Ian Taylor has hammer murder conviction quashed

Flats in Milton
Image caption Brian Sharp died at his home in the Milton area of Glasgow

A man jailed for murdering a mentally ill man in a hammer attack has had his conviction quashed after it was found the trial judge misdirected the jury.

Ian Taylor, 38, and co-accused Tracey Hastie, 41, were ordered to serve a minimum of 18 years for killing Brian Sharp, 38, in Glasgow in 2006.

Taylor's lawyers claimed the jury was not given any direction about the use of incriminating hearsay evidence.

Appeal judges ruled "a miscarriage of justice" and quashed the conviction.

During their trial, the High Court and Glasgow heard that Taylor and Hastie met at an addiction rehabilitation centre in the city.

Victim stabbed

In October 2006, the pair had been drinking with Mr Sharp at his home in the city's Milton area when they turned on him, the jury was told.

The court heard that they taped their victim to a chair, beat him with a hammer at least 80 times, and then stabbed him in the chest with a fork.

Both denied the murder, claiming the other had carried out the attack.

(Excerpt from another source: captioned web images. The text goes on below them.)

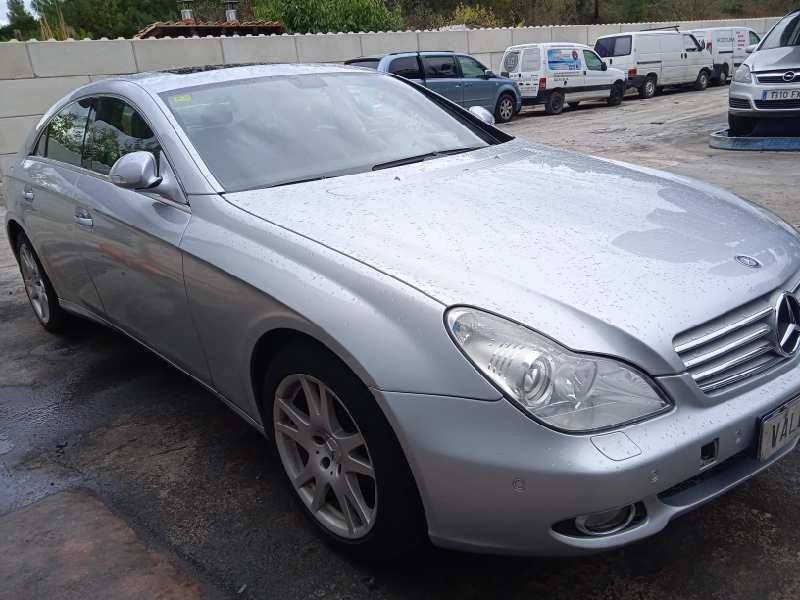 mercedes-benz clase cls (w219) del año 2007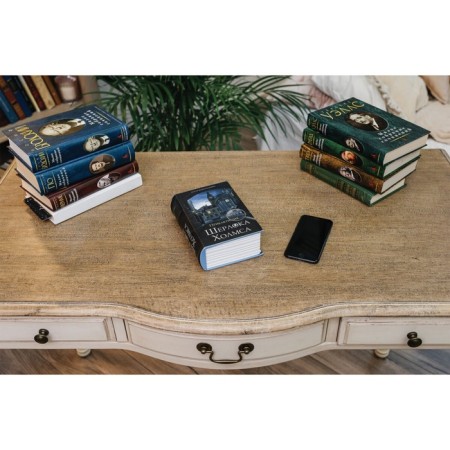 Sherlock Holmes Sherlock’s Red Book, 5.7x13x18 cm, key castle-9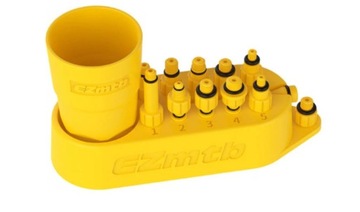КОМПЛЕКТ ПРОКАЧКИ ТОРМОЗОВ SHIMANO TEKTRO MEGA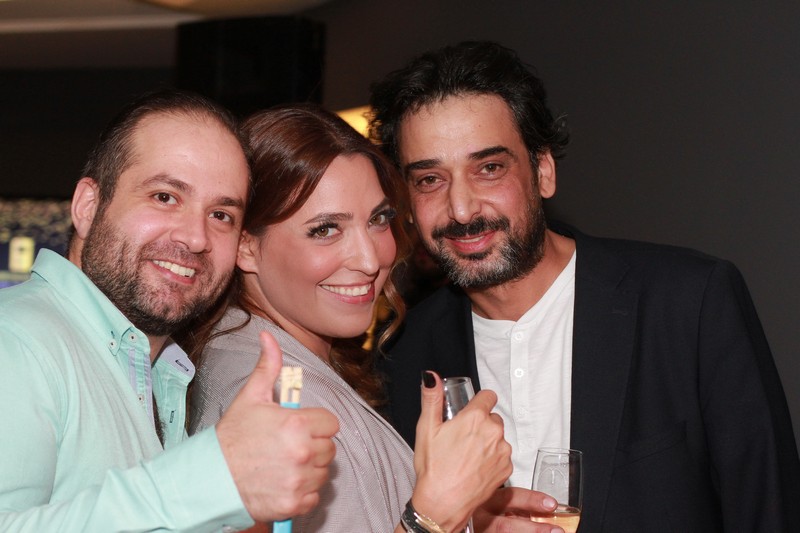 Daniella Rahmeh's Birthday Party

A jury convicted them both and trial judge Lord Brailsford ordered them to serve a minimum of 18 years before being eligible for parole.

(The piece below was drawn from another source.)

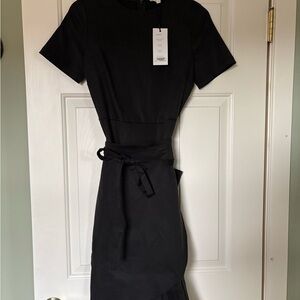 Vetta The Two Piece Sheath Dress
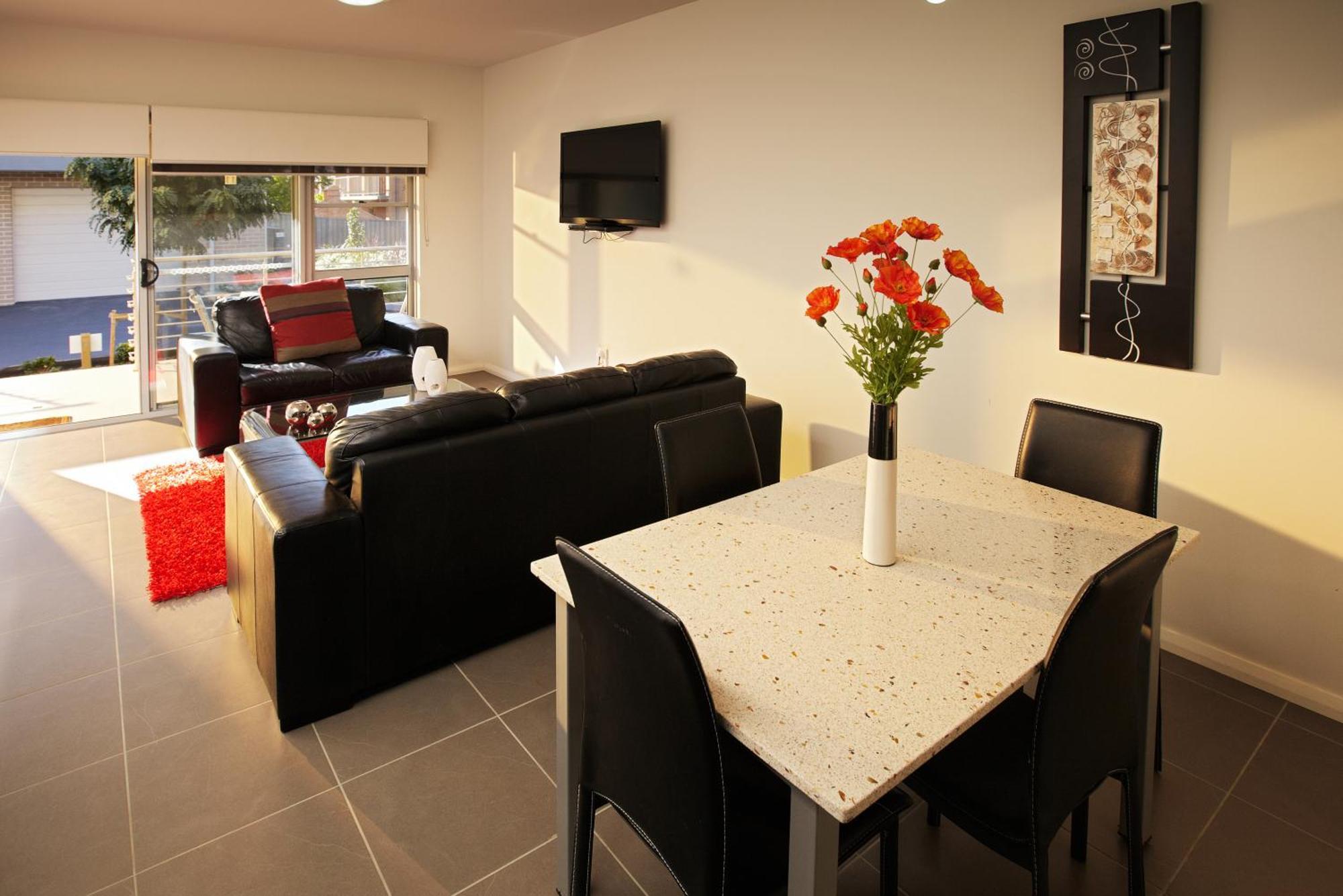 Charlestown Executive Apartments Newcastle Eksteriør bilde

Image caption Tracey Hastie was jailed for life along with co-accused Ian Taylor

Taylor's legal team lodged an appeal on the grounds that the jury was misdirected by the judge.

They said that during the trial a number of witnesses gave evidence about statements made by Taylor's co-accused, Hastie, in their presence.

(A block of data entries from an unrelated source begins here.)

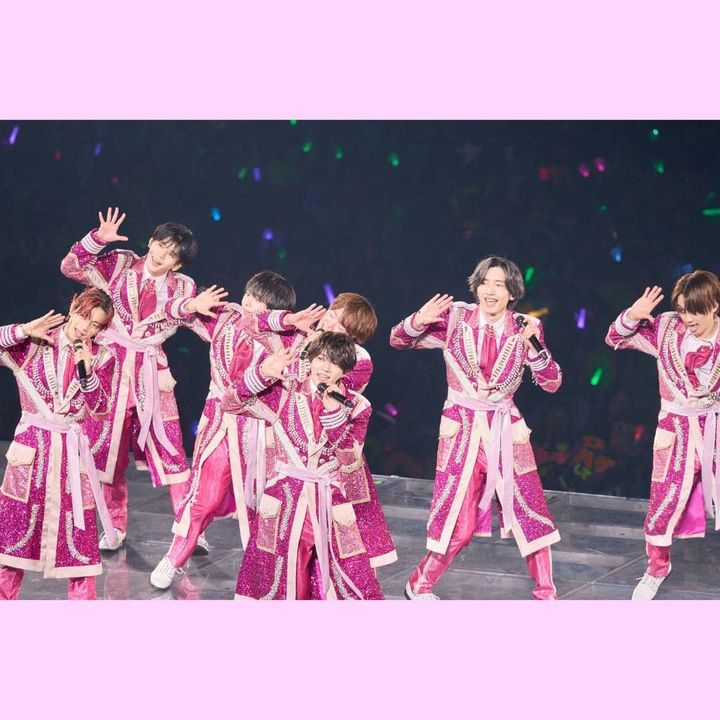 【祝♡『HARD WORK』初日55万枚！自己最高記録！】『なにわ男子 1st DOME LIVE ‘VoyAGE’』京セラ最終日ライブレポ【『I Wish』後の映像のセリフ全起こし】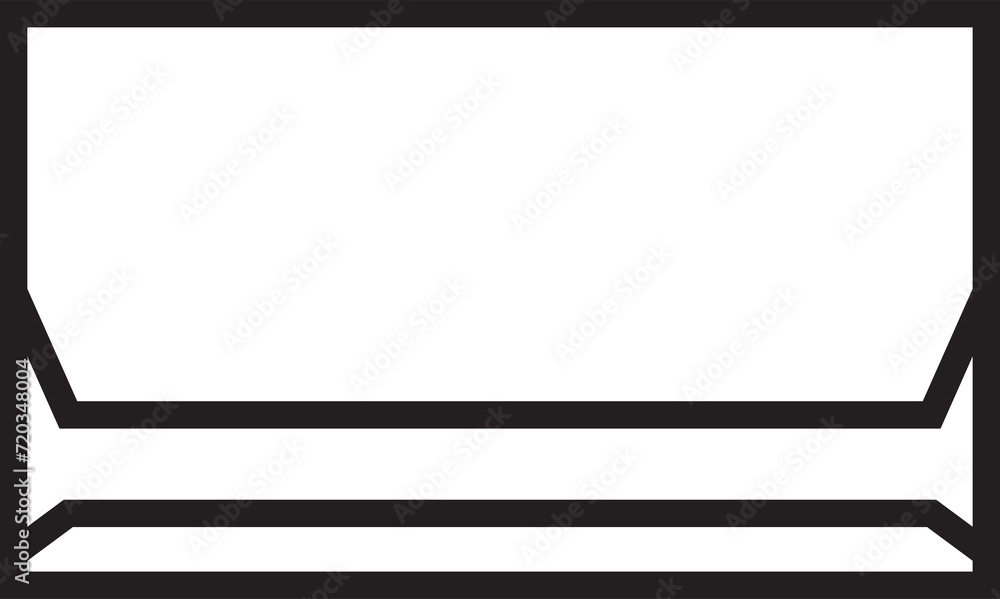 Envelope Line Icon Envelope Line Icon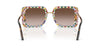 Dolce&Gabbana DG4491 #colour_havana on white barrow/brown gradient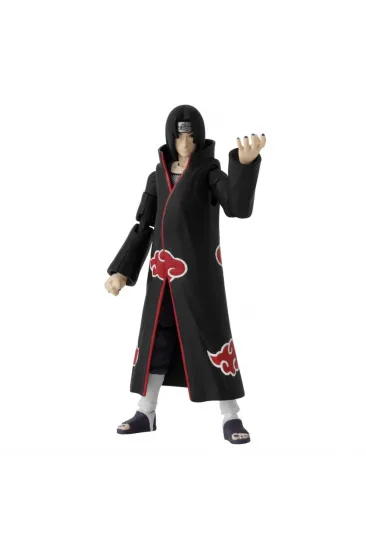 Bandai Itachi Poz Verilebilir Figür 36904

When Lord Brailsford came to direct the jury, he omitted to give any direction as to the use that could be made of the hearsay evidence.

Taylor's defence team argued that he failed to tell the jury that this evidence could not be used to prove the case against their client.

In giving their judgement, Lord Osborne, sitting with Lord Eassie and Lord Nimmo Smith, said the Crown was not in a position to argue that the misdirection had not resulted in a miscarriage of justice.

Lord Osborne said that during the course of the trial, Lord Brailsford said he was going to have to give a direction about the admissibility of statements against Taylor in his charge to the jury, but he never did.

He added: "In all these circumstances, we have concluded, with reluctance, that the misdirection has been productive of a miscarriage of justice and that it is necessary to quash the appellants conviction.

"It would have been a simple matter for the trial judge to give the normal directions which would have been appropriate in all the circumstances of the case, but unfortunately, for whatever reason, he did not do so."

Lord Osborne said the evidence from the three witnesses had to be recognised as prominent, of a significant nature and potentially incriminatory of Mr Taylor.